Techniques of Analysis — Science, Creativity, Business
Geoscientists, like all scientists, employ a version of the scientific method in their work. The scientific method in its purest form consists of four basic steps. (1) State the Problem — A problem cannot be solved unless it is understood. (2) Form a working hypothesis — This is a possible solution to the problem formed after gathering information about the problem. (3) Test the hypothesis — Something (an experiment) is done to determine if the hypothesis solves the problem. (4) Draw conclusions — After examining the data from the experiment, conclusions can be drawn. In an ideal case, the conclusion will be "yes" the hypothesis was correct or "no" the hypothesis was not correct. If the hypothesis is proven false, then the information gained from analysis is used to develop a new working hypothesis. It is an iterative process of making hypotheses to explain observations, gathering data, and based on these data, drawing conclusions that confirm or deny the original hypothesis.
To the uninitiated it may appear that in oil and gas exploration the problem is "Where is the next commercial accumulation of hydrocarbons going to be found?"; the hypothesis is a drillable prospect and the experiment is the drilling of an exploratory test. In reality, however, the true application of the scientific method in exploration is in defining a series of interim problems that the geoscientist must answer in order to develop a prospect to test. These problems concern the presence of trap, reservoir, source rock and seal, as well as processes such as the generation, migration, accumulation and preservation of hydrocarbons. In other words, the exploration geoscientist devotes the majority of time to determining the probability that key elements and processes necessary to the accumulation of hydrocarbons are present.
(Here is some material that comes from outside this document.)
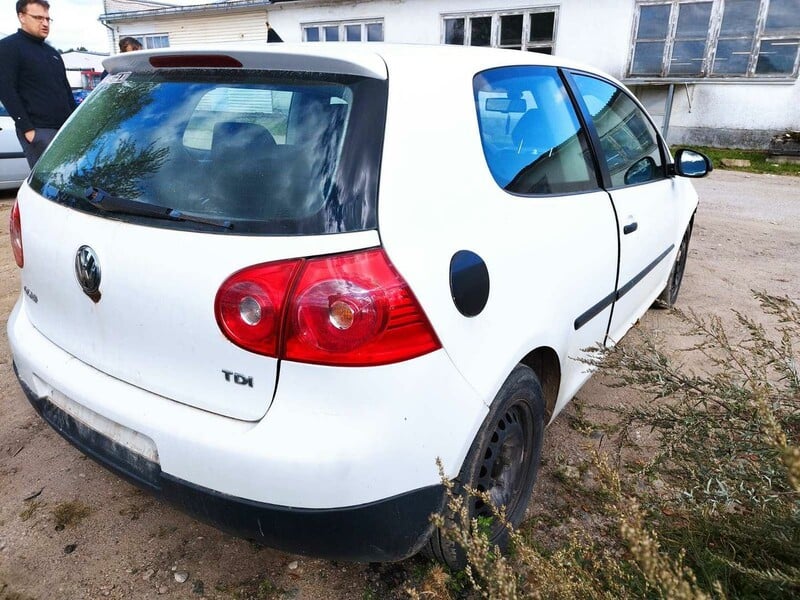 Photo 5 - Volkswagen Golf 2006 y parts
The ability to answer or gain predictive understanding into these questions is possible because the scientific method relies on "cause and effect" relationships in nature.
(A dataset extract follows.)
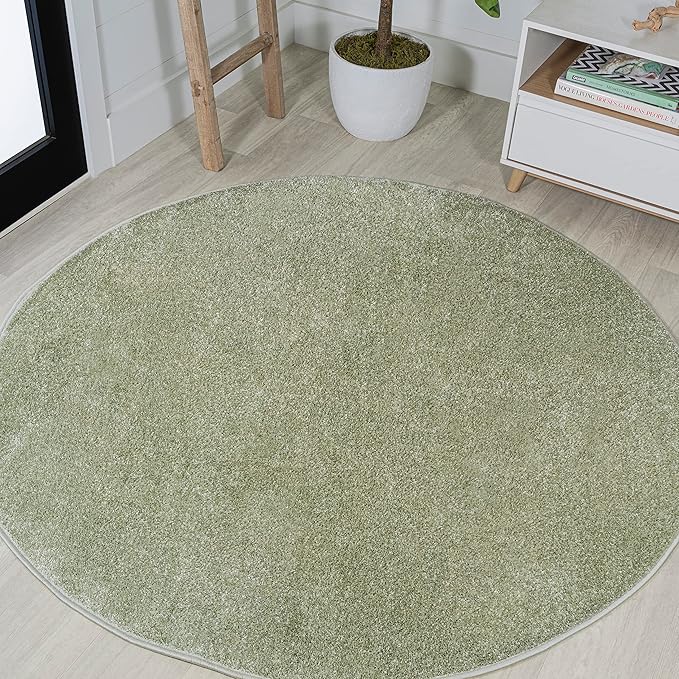 JONATHAN Y Haze Solid Low-Pile Green 6' Round Indoor Area Rug, Coastal,Bohemian,Minimalist,Classic, Easy-Cleaning for Living Room,Bedroom,Kitchen,Pet Friendly,Non-Shedding (SEU100O-6R)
In practice, much frontier wildcat exploration is done at a time in the exploration process when there is limited well data (hard results) to be integrated into the analysis. The geoscientist has to rely on analogs from other geologically similar places, personal experience and intuition to develop concepts for testing. In other words, they take the principles of what makes a commercial hydrocarbon accumulation possible and, with limited data, extend those principles into a new area. There is an art involved; a creativity that extends the probable into the possible. This is where the geoscientist earns the name explorationist.
An oil and gas explorationist also needs to combine a well-refined sense of business with creativity and science. The ability to understand and quantify the uncertainty associated with the cost of finding, developing and producing hydrocarbons is the financial key to economically successful oil and gas exploration.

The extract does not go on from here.